■ Activity ■
Starting at the line that contains "Se vende Villa", transcribe every remaining line of the data below exactly, and omit all pictures.

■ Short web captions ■
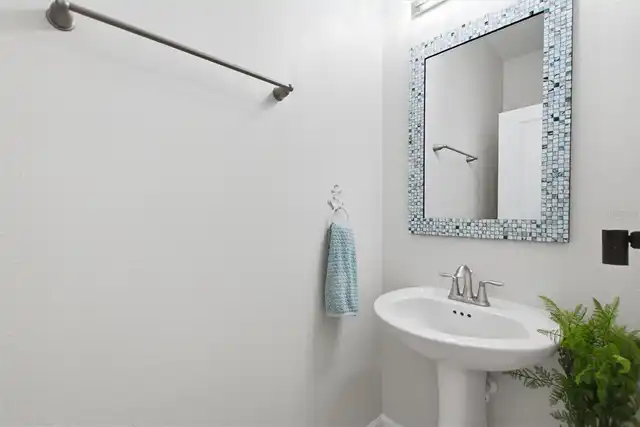 Listing Photo 10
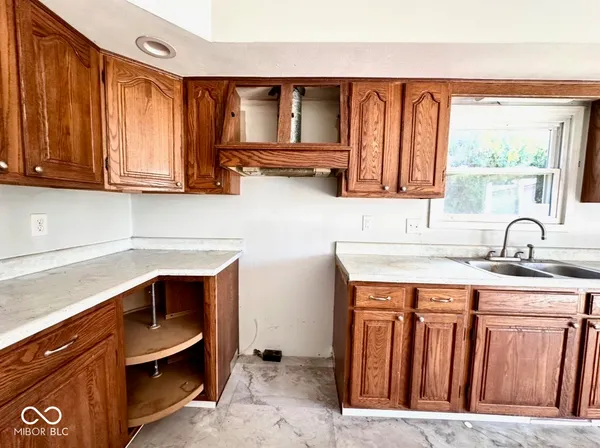 $119,200 | 212 East Hopewell Street, Farmersburg, IN 47850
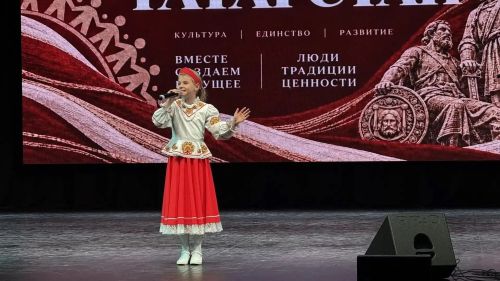 На зональном республиканском этнофестивале в Лениногорске выступили 800 участников
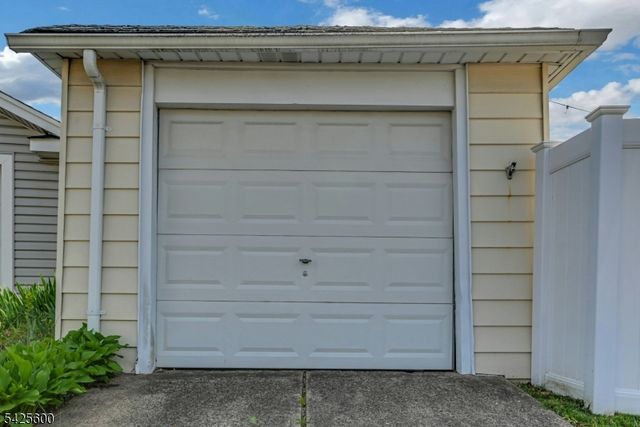 277 Madison Ave, Clifton City, NJ 07011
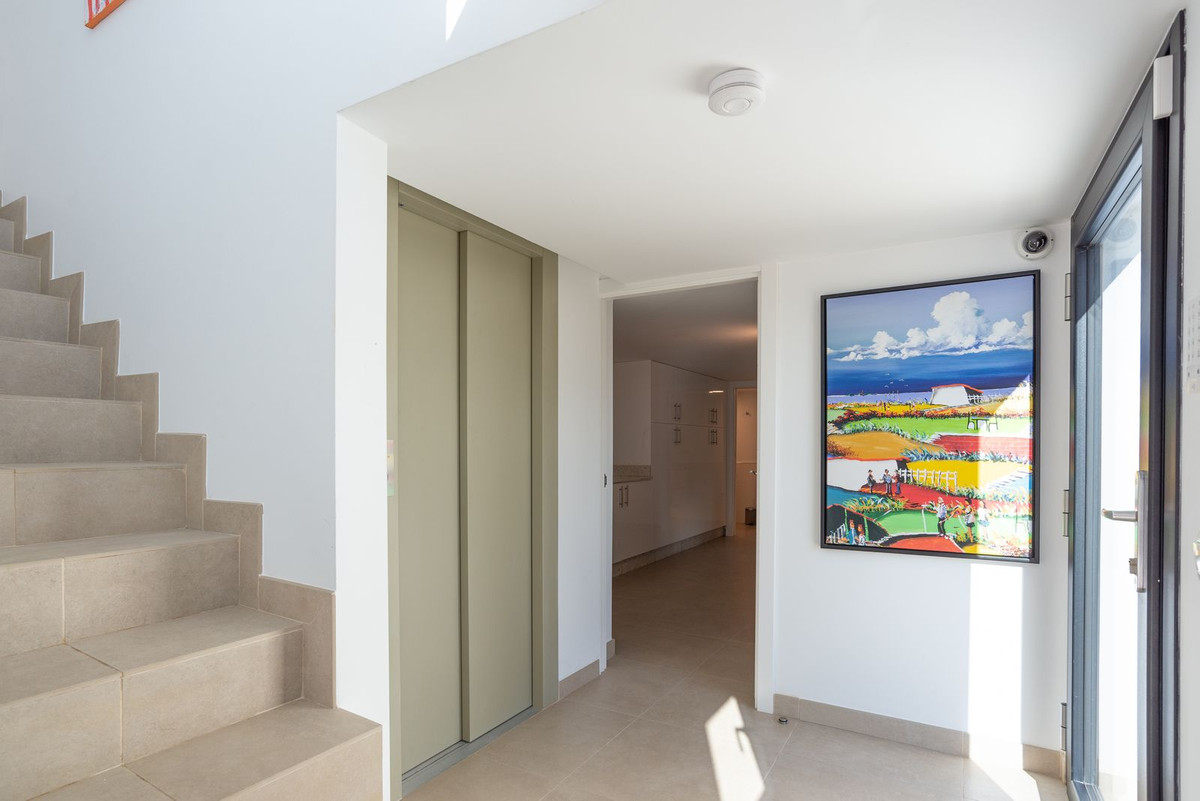 Se vende Villa - Chalet de 6 dormitorios en Costa Del Sol, Málaga, España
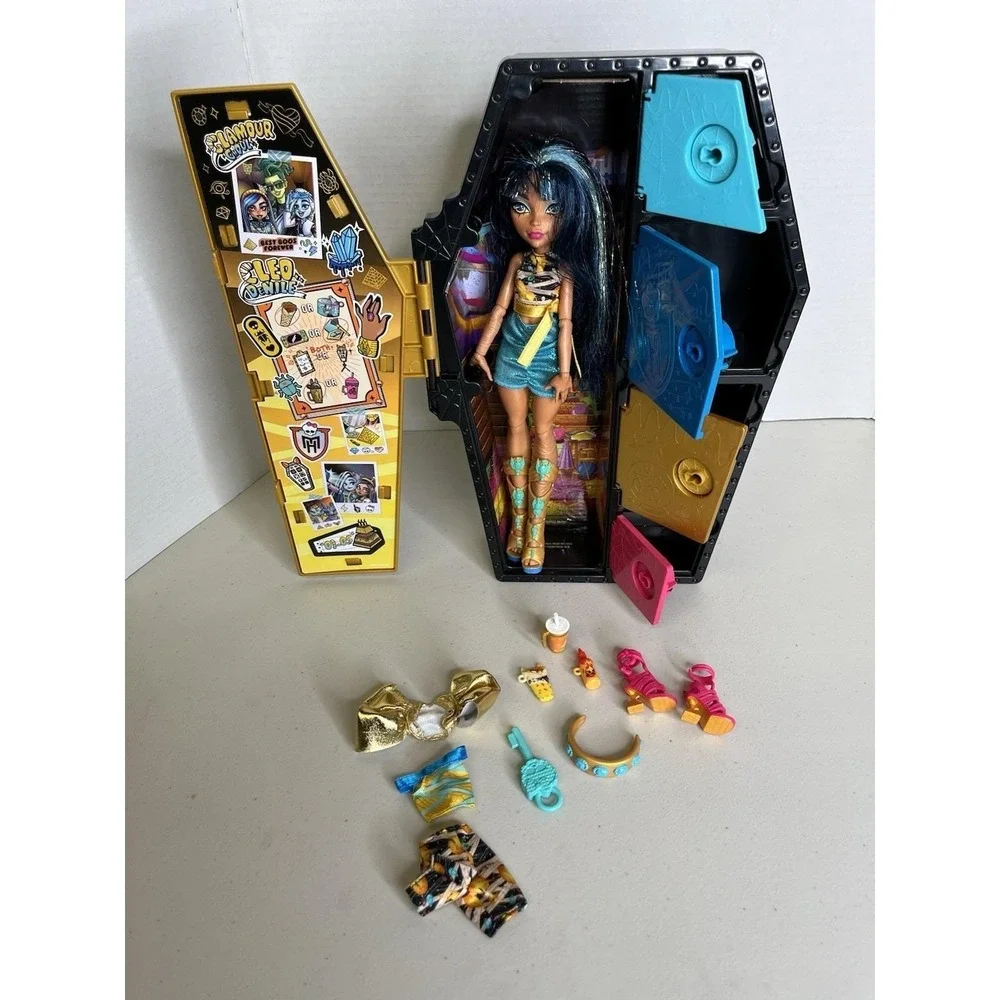 monster high cleo storage locker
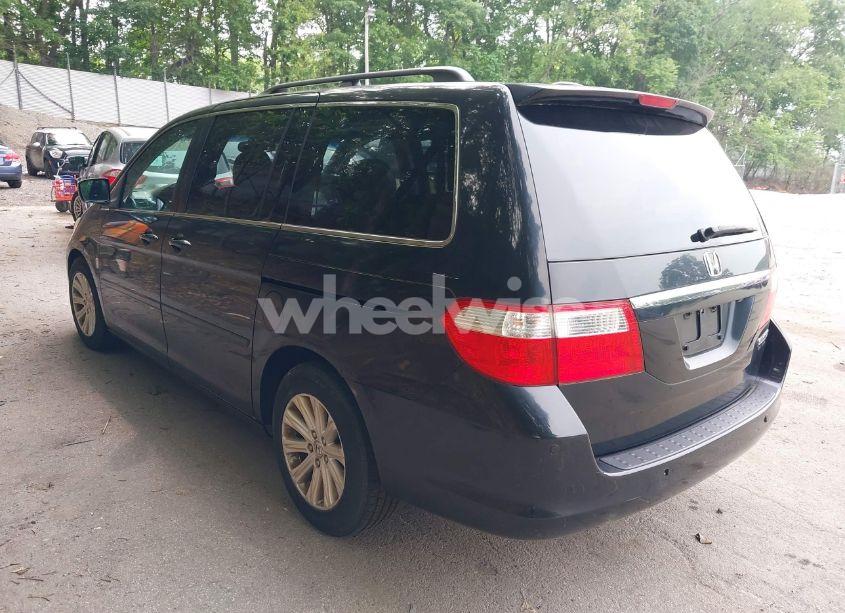 Photo 3 of 2005 Honda Odyssey TOURING (VIN 5FNRL38885B082028)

■ Result for this task ■
 Se vende Villa - Chalet de 6 dormitorios en Costa Del Sol, Málaga, España
 monster high cleo storage locker
 Photo 3 of 2005 Honda Odyssey TOURING (VIN 5FNRL38885B082028)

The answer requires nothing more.